To date, MCR Oil Tools has been granted over 200 patents, with 32 pending. Almost all are thanks to Robertson, who isn’t shy about his journey, including legal issues (proof once again that when someone comes up with better ideas, the praise and admiration are often tempered with jealousy).
The origins of MCR go back to 1982. When Robertson was working as an Engineering Manager for an oil service company in Fort Worth, there was an industry-wide downturn, and the business was going under. Robertson left for a local, smaller oil service company, where he proposed developing what is now MCR’s Radial Cutting Torch™ (RCT™ tool). Nowadays, the RCT tool is the company’s flagship product, safely and efficiently severing drill pipe and tubing without explosives.
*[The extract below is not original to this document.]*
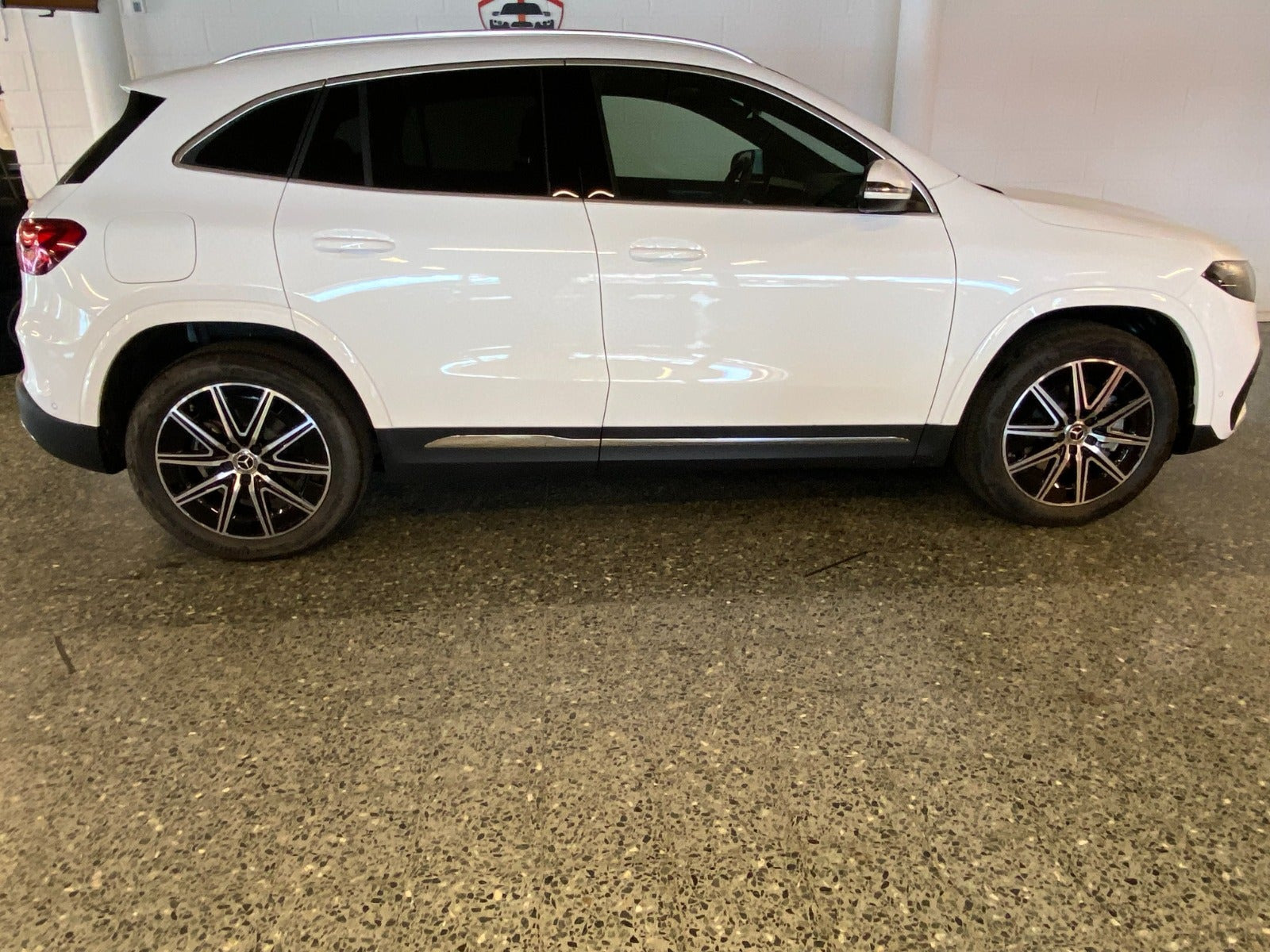 Gul Mercedes EQA250+ fra 2025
This saw Robertson enter into a development contract whereby the company he worked for, Pyrotechnologies, was responsible for building 180 tools—a 25-year exclusive licensing contract with a large oil services technology company. Unfortunately, the tech giant didn’t keep the agreement, and a lawsuit followed in 1990. “Pyrotechnologies could not market the torch in any form or fashion,” says Robertson, who wasn’t initially part of the lawsuit or the licensing agreement. Cancelling his contract with Pyrotechnologies, he formed MCR Enterprises and began marketing his radial cutting torch to oilfield service companies throughout Louisiana and Oklahoma.
Better and safer
For years, pipes in the oilfield were often cut with explosives. A charge was formed to a specific shape, screwed onto the end of a wire line, then run down a hole and detonated. Even with strict safety protocols, this method is problematic. “More than 50 percent of the time, it doesn’t cut,” Robertson explains. A second cut is usually needed, and explosives can only be used in fairly cool wells.
Many wells are in the 350 to 500° Centigrade (572 to 932° Fahrenheit) range, which is ideal for the MCR Radial Cutting Torch. “Our tool loves that temperature,” says Robertson. “We cut in many wells at 480 to 500° Centigrade (896 to 932° Fahrenheit), and we’ve probably made the deepest cut in the world at 32,000 feet deep in 8,000 feet of water. When the big guys are in real trouble, they call us.”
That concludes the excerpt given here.